*** DATA FOR REVIEW ***
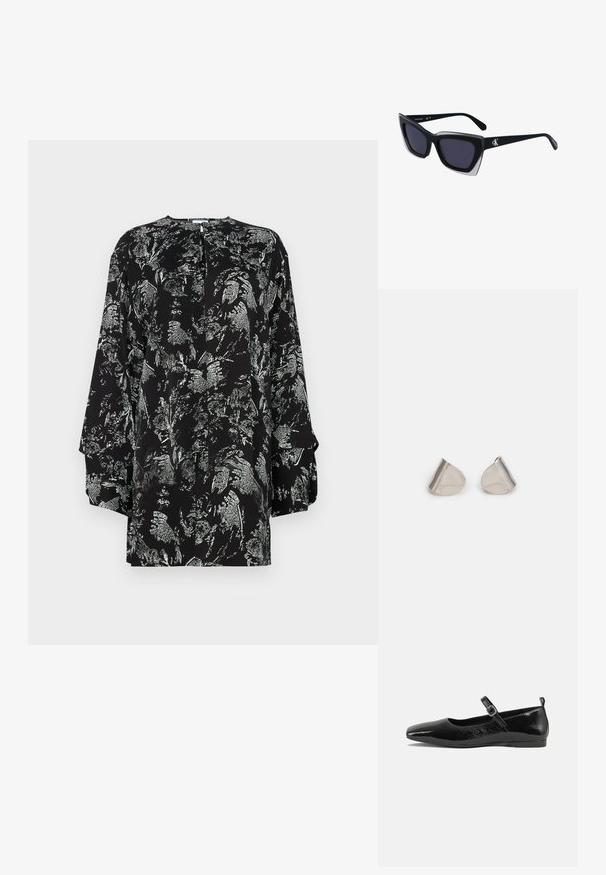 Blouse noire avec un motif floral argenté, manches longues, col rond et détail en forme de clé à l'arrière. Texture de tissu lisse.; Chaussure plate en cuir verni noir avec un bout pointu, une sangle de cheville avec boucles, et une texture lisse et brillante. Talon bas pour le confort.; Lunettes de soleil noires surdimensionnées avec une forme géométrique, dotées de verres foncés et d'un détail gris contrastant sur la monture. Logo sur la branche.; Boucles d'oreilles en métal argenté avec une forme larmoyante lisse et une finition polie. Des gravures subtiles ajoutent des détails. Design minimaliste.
*** End of DATA FOR REVIEW ***
*** DATA FOR REVIEW ***
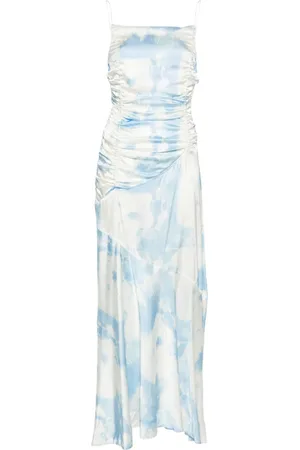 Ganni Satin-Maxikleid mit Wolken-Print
*** End of DATA FOR REVIEW ***
*** DATA FOR REVIEW ***
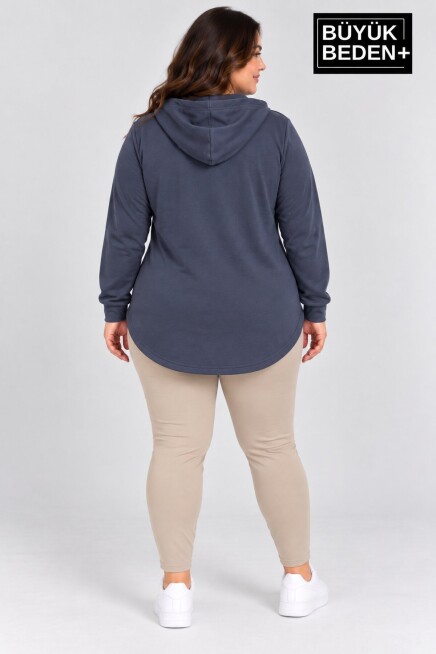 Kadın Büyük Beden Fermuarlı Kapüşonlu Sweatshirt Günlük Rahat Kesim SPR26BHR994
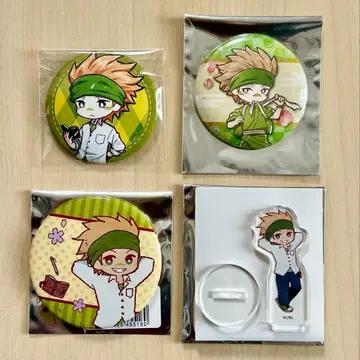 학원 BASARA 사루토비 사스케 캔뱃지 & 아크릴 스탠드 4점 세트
*** End of DATA FOR REVIEW ***
Exactly the lines above from the one that contains "Kadın Büyük Beden" down to the one that contains "학원 BASARA 사루토비 사스케 캔뱃지 & 아크릴 스탠드 4점 세트" are to be output, both ends kept and pictures omitted.

COMPLETED TASK
 Kadın Büyük Beden Fermuarlı Kapüşonlu Sweatshirt Günlük Rahat Kesim SPR26BHR994
 학원 BASARA 사루토비 사스케 캔뱃지 & 아크릴 스탠드 4점 세트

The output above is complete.